Traces of America in Welsh Artist Neale Howells’ Profuse Paintings
Neale Howells’ paintings are a banquet for the senses. A melange of graffiti, Pop Art, Abstract Expressionism, and Symbolism, his style recalls elements of works by Jean-Michel Basquiat, Banksy, A.R. Penck, Willem de Kooning, and Jackson Pollock. Howells creates his paintings on wood using acrylic, spray paint, pastels, pencil, and “anything he can get his hands on.” These huge works, some four by seven feet long, can take Howell up to 12 months to complete. Looking at some of the pieces closely, you can see why. Howells covers every inch of the canvas surface with cartoon figures, spatter, scribbled text, ribbons of different colored paint, stencils, and shapes.
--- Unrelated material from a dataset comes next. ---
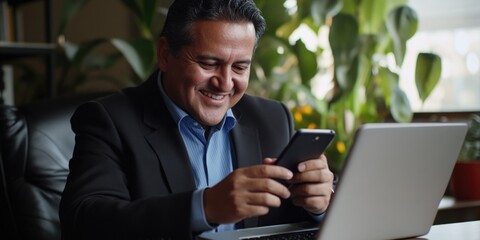 Wall Mural - An image of a man sitting at his desk and engrossed in his work on his smartphone, wearing a suit.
Your eyes can roam around one of his paintings for a long time and still not catch everything contained within it. They require multiple visits.
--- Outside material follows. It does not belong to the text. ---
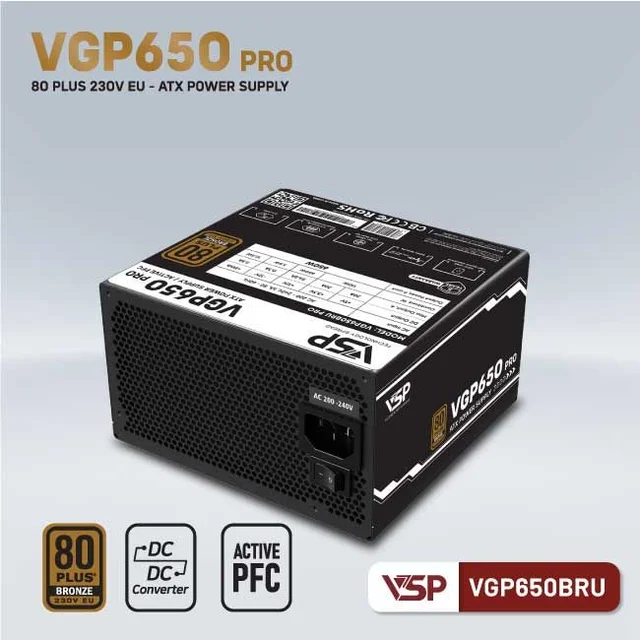 Bộ Nguồn Máy Tính VSP VGP650BRU PRO (650W / 80 Plus Bronze 230V EU / DC to DC / Tụ Nhật) - Ảnh 3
Though born and based in Wales, traces of American culture crop up frequently in his work. Several of his paintings’ titles allude to America: American Skins (2010), Mr. America (2013),and American Summer (2012), for instance, and stars and stripes appear frequently. In Pacman We Trust (2011) shows the shield and title from Captain America comics in the foreground, painted over with stars and drips of paint. Wonder Woman’s unmistakable visage is left relatively clear in American Summer and a direct reference to the Iraq War appear in its scrawled text. The text “Forgive USA” is written on Iraqi Miss World (2011) and in Don’t Be Afraid (2010), the focal point is a cartoonish figure wearing a star sweatshirt congenially extending a bottle.
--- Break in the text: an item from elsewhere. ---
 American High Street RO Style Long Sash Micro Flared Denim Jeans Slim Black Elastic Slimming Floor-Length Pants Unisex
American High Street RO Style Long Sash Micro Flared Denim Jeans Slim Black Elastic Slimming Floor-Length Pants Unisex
At times it’s difficult to determine Howells’ intentions when including these references; they range in tone from satirical to serious, and are often ambiguous. When Howells discusses his work, he often compares it to film. He has said that his decision to work on a large scale is an effort to “compete” with cinema, and aims for his work to be as thrilling an experience as seeing a movie. Indeed, they are hard to turn away from. Every painting contains a persistent, compelling energy, which can be experienced in various ways, depending on how and where you look.